Provided material →
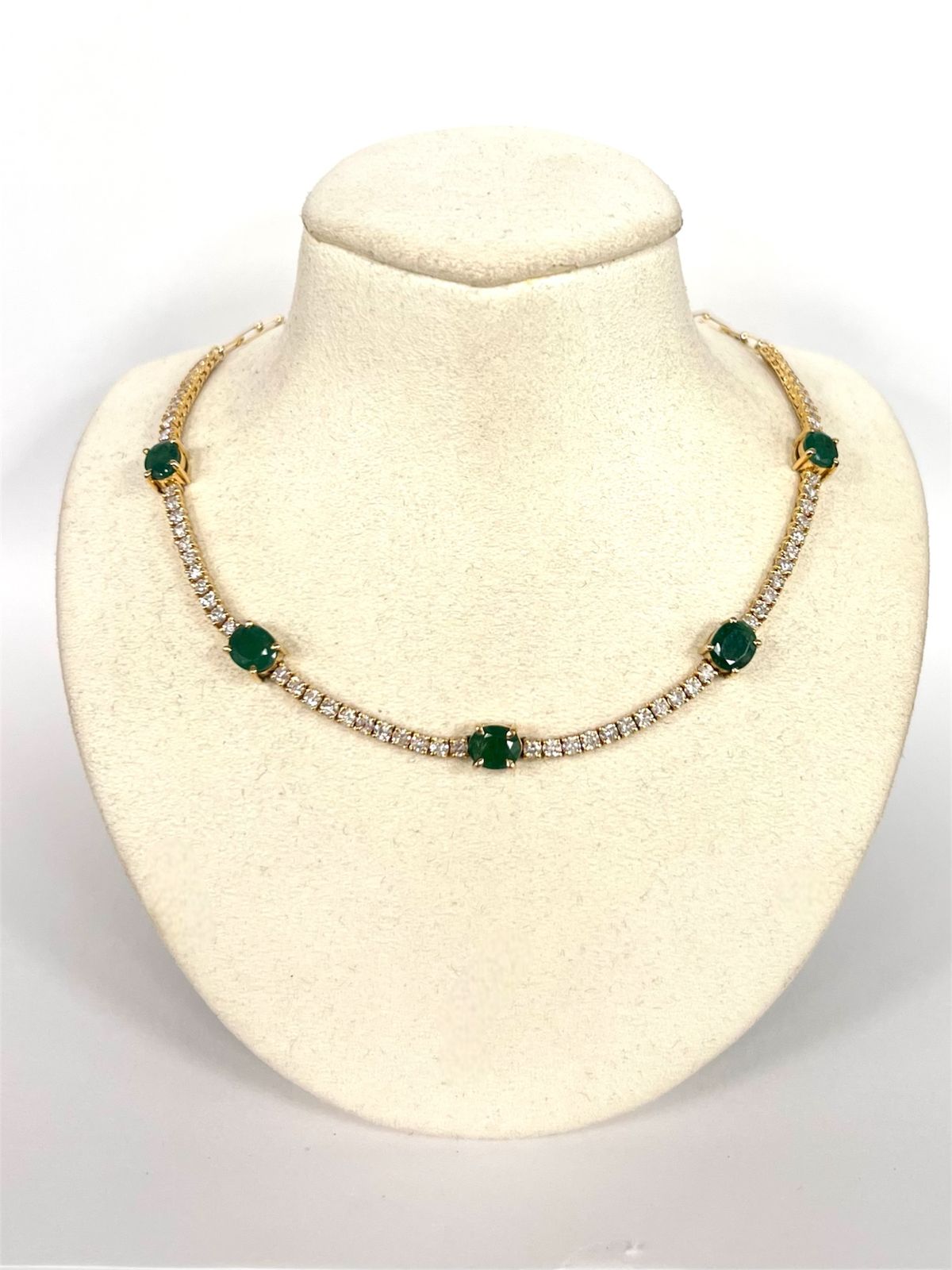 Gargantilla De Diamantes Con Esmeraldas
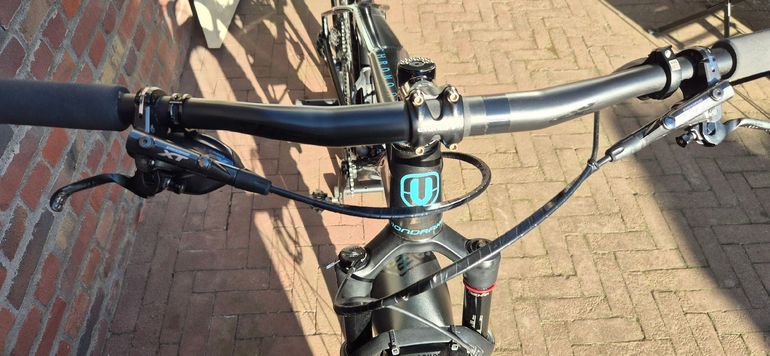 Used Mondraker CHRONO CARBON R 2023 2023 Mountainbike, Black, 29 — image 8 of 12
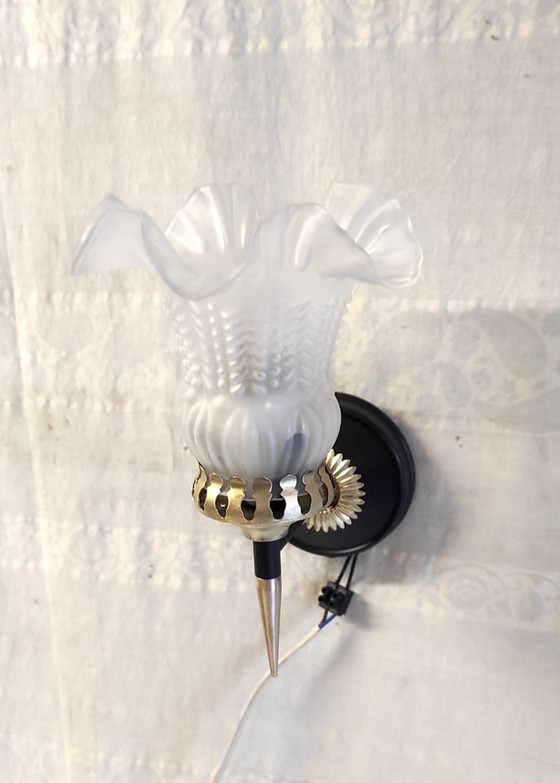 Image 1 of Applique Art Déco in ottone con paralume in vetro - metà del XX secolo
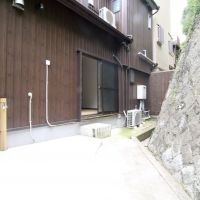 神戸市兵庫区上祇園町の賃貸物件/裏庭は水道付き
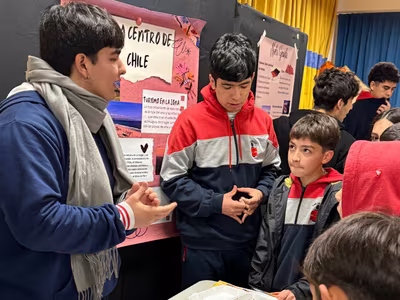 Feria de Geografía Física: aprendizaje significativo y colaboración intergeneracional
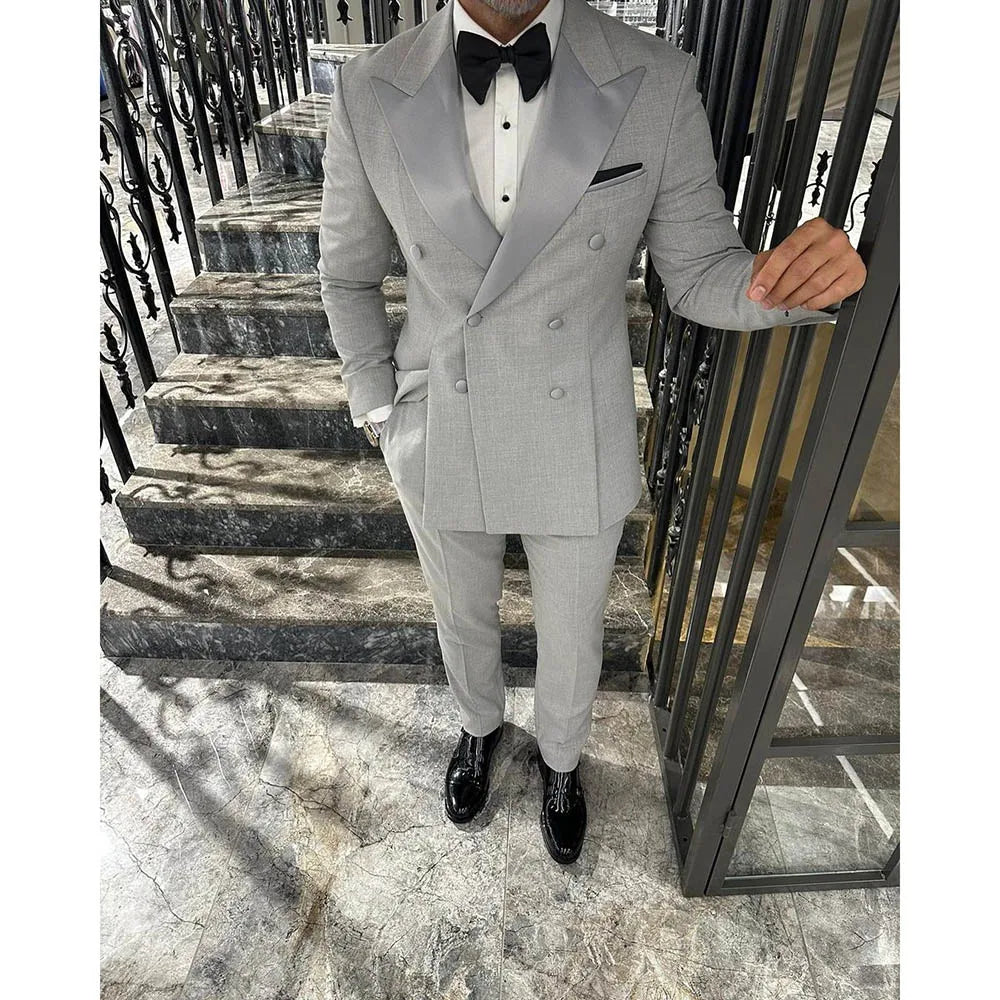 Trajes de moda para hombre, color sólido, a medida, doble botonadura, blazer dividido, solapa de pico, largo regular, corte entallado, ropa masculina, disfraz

Activity → Excluding images, output exactly the lines from the one that holds "神戸市兵庫区上祇園町の賃貸物件/裏庭は水道付き" through the final line of the material, both ends included.

Answer to the problem →
 神戸市兵庫区上祇園町の賃貸物件/裏庭は水道付き
 Feria de Geografía Física: aprendizaje significativo y colaboración intergeneracional
 Trajes de moda para hombre, color sólido, a medida, doble botonadura, blazer dividido, solapa de pico, largo regular, corte entallado, ropa masculina, disfraz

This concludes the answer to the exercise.